Foreign Ministry spokesman Aizaz Ahmed Choudhry says because of the remoteness of the tribal areas and local traditions
“I am not in a position to authenticate the veracity of this report, but the facts that are being revealed are something which is not new. We have always said that drone strikes cause civilian casualties,” Choudhry said.
The spokesman said he could not speak for the Pakistan leadership in the 2006-2009 period covered in the report. But he said the current government is adamantly against the use of drone attacks.
“Drone strikes violate our sovereignty, they violate international law, they cause civilian death, they cause collateral damage, they have human rights and related implications and therefore they are counter-productive,” he said.
In a statement provided to VOA a U.S. official rejected the leaked Pakistani government report, saying "the notion that the United States has undertaken operations in Pakistan that resulted in the deaths of hundreds of innocent Pakistanis is ludicrous." The official said the document listing drone casualties is not credible because it relies "in part on erroneous media reporting."
Retired Brigadier Mahmood Shah, a security and defense analyst and former FATA Secretary, said that former president Pervez Musharraf had reached a personal agreement with Washington on the use of the drones, against the advice of his advisors. Musharraf was in power from 1999 to 2008.
“Yes, they knew about these attacks and the whole of the hierarchy thought they were against the agreements that were reached between Pakistan and the US right from day one, but this has since been revealed that Pervez Musharraf had personally given such a permission,” said Shah.

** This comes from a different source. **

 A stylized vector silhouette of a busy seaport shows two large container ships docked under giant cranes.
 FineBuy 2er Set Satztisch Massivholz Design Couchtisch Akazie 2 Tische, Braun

The drone attacks began in 2001 and are still ongoing. The peak period of the strikes was in 2010.
Shah said in the early days of the drone missile attacks, from 2002 to 2005, the drones themselves were not very accurate, and the attacks were based on U.S. human intelligence on the ground that was poor.
“They gave us 28 places that here are militants, then we had full recce [reconnaissance] of the area and we visited the places and we found that 27 out of 28 were incorrect, and one was correct," he explained. "So this was the amount of accuracy and if they had the permission to shoot at that time, which we never thought would be possible, you can imagine how many people, civilian people that would have killed.”
The United States considers the drone strikes an effective tool against terrorists found in Pakistan's remote northwest areas that border Afghanistan.
But the U.N. Special Rapporteur on human rights and counter-terrorism, Ben Emmerson said in March 2013 that the strikes were a violation of Pakistan's sovereignty. In a statement, Emmerson also cited the government of Pakistan as saying that any suggestion that it is unwilling or unable to combat terrorism on its own territory is wrong.